【UVA-101】解题报告(模拟)
原始题目
题目大意
有\(n\)个积木,初始放在\(0,1,2 \cdots n-1\)位置上,有四种搭积木操作 - move a onto b
where a and b are block numbers, puts block a onto block b after returning any blocks that are stacked on top of blocks a and b to their initial positions.
把a和b上的积木放回原来位置,再将a放置到b上。
move a over b
where a and b are block numbers, puts block a onto the top of the stack containing block b, after returning any blocks that are stacked on top of block a to their initial positions.
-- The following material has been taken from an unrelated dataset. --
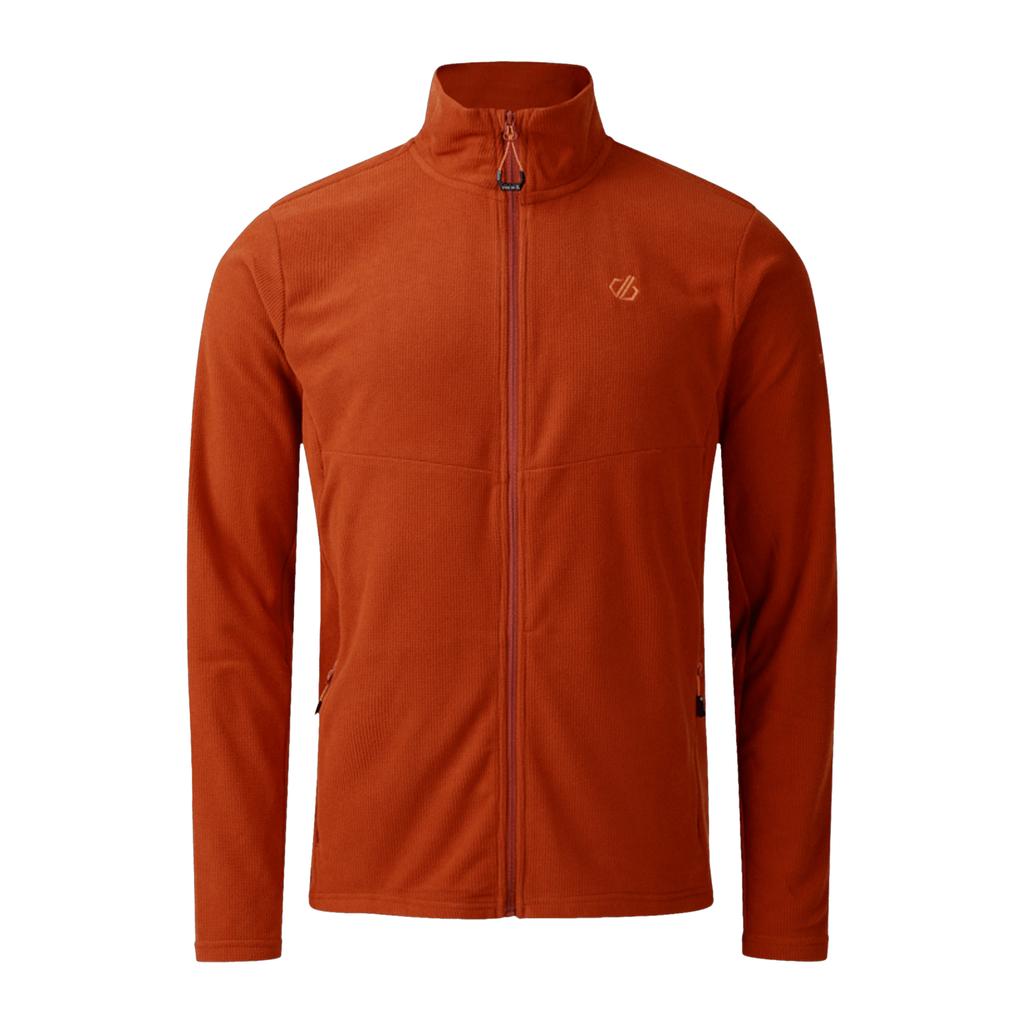 Dare 2B Mens Arising Fleece Jacket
把a上的积木放回原来位置,再将a放置在b所在的积木堆上。
pile a onto b
where a and b are block numbers, moves the pile of blocks consisting of block a, and any blocks that are stacked above block a, onto block b. All blocks on top of block b are moved to their initial positions prior to the pile taking place. The blocks stacked above block a retain their order when moved.
把b上的积木放回原来位置,再将a和a之上的积木块一起放在b上(保持相对顺序)。
pile a over b
where a and b are block numbers, puts the pile of blocks consisting of block a, and any blocks that are stacked above block a, onto the top of the stack containing block b. The blocks stacked above block a retain their original order when moved.
把a和a之上的积木块一起放在b所在的积木堆上(保持相对顺序)。
直至遇到quit停止操作,输出最后每个位置上的积木状态。
解题思路
- 由于不涉及积木块放置在指定位置的操作,还原必定到原有位置且原有位置为空(易证),不用考虑木块放回的特殊情况。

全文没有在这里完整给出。